Un texte n'est un récit que s'il obéit à certaines règles. Comment fonctionnent celles qui font, de l’Évangile de Marc, une histoire qu'on continue à lire et à raconter depuis qu'il fut mis par écrit voici bientôt deux mille ans ?
Cette question n'est pas aussi innocente qu'il y paraît. En l'abordant on découvre que lire le livre fait courir le risque de se reconnaître soi-même pris dans une aventure. Comment mieux conclure !

1. Le fonctionnement de tout récit

2. « Ecoutez-le ! »

3. « Une occasion pour le livrer ! »

4. « Il se souvint de la parole »

5. « Ouvrir le livre ! »


1. Le fonctionnement de tout récit

Un récit, à en croire les approches contemporaines, répond à certaines règles implicites. Il suppose un héros, à l’intérieur d’une société qui souffre d’un manque. A travers diverses épreuves, ce personnage part à la recherche de l’objet dont la société est privée. Le récit s’achève lorsqu’au terme de sa quête, le sujet réintègre sa communauté en lui remettant ce qui lui manquait. Cette aventure comporte des obstacles (on les appelle des opposants). Mais le héros rencontre aussi, dans sa démarche, des aides pour les surmonter (des adjuvants dans le vocabulaire des spécialistes). Le héros doit recevoir l’objet qu’il cherche ; il est destinataire face à celui qui lui communiquera ce qu’il désire et qu’on appelle « destinateur ».
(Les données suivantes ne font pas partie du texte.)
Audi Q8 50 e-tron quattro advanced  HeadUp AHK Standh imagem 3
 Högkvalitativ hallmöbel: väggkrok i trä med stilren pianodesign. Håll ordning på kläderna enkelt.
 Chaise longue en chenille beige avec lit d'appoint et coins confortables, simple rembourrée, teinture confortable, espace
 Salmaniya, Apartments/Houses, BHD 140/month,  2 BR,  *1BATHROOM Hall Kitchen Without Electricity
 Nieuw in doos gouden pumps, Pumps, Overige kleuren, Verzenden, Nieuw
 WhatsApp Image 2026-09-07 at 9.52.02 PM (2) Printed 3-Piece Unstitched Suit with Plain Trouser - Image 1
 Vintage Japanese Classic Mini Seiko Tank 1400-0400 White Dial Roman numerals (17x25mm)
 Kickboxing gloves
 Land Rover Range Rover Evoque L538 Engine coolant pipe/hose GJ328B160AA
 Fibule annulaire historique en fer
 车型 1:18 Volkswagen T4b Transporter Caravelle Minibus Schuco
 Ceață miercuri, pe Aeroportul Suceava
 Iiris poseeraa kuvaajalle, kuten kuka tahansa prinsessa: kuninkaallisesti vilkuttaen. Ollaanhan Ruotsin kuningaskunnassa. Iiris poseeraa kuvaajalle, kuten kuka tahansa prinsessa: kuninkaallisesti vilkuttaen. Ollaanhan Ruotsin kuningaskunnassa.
Le récit se déroule à travers trois types d’épreuves qui ont chacune un peu la même structure. Il s’agit chaque fois d’une sorte de contrat qu’il faut être capable de respecter et, lorsqu’il est honoré, permet l’acquisition d’un élément qui fait progresser l’histoire.

En vérifiant la façon dont l’Evangile se plie à ce mode de fonctionnement, nous aboutissons à une conclusion. A plusieurs reprises, certes, nous serons amenés à déborder le cadre du texte qu’on trouve au début de ce travail ; il n’en reste pas moins que ces trois éléments que nous avons lus sont des axes qui nous permettent de suivre le développement de l’aventure narrée par Marc. Au terme de cette première étape, dans notre lecture, ce regard sur l’histoire risque d’être encourageant. Il peut nous conduire à une découverte : d’avoir suivi la lettre du texte, nous découvrons, en effet, que nous avons grandi le nombre de ceux qui ont répondu à la demande de Jésus de le suivre. Nous avons ainsi gagné d’être entrés dans la communauté de ceux qui sont désireux de croire. En réalité, nous ne sommes pas extérieurs au texte de l’Evangile. Nous y sommes aussi présents que les signes qui le composent ; nous faisons corps avec eux : nous leur donnons corps. Le déroulement de l’histoire le mettra en évidence.


2. « Ecoutez-le ! »

Il semble bien qu’il faille situer la première épreuve non au commencement du texte, mais à sa charnière (8,27ss). Jésus et ses disciples arrivent dans la région de Césarée de Philippe. C’est là que le héros de la quête va être institué. On appelle « épreuve qualifiante » les épisodes qui aboutissent à désigner celui qui va réparer ce dont souffre une communauté humaine. Dans la région où nous conduit le texte, il s’agit de la société juive dans son ensemble, on évoque « le dire des gens » : « Qui suis-je, au dire des gens ? » Ils lui dirent : « Jean-Baptiste ; pour d’autres, Elie ; pour d’autres, un des prophètes ». A l’évidence, les réponses aux questions de Jésus manifestent qu’elle n’a pas reçu l’Evangile, « la Bonne Nouvelle ». A en croire les propos de ceux qui furent témoins de tant et tant de guérisons, qui ont prêté l’oreille à tant de discours, personne ne voit ce qu’il y a de « nouveau » dans l’action du Nazaréen ; on le compare à des personnages du passé : « Jean-Baptiste » pour les uns, « Elie » pour les autres ou, pour un certain nombre, un des prophètes d’antan. La foi leur manque !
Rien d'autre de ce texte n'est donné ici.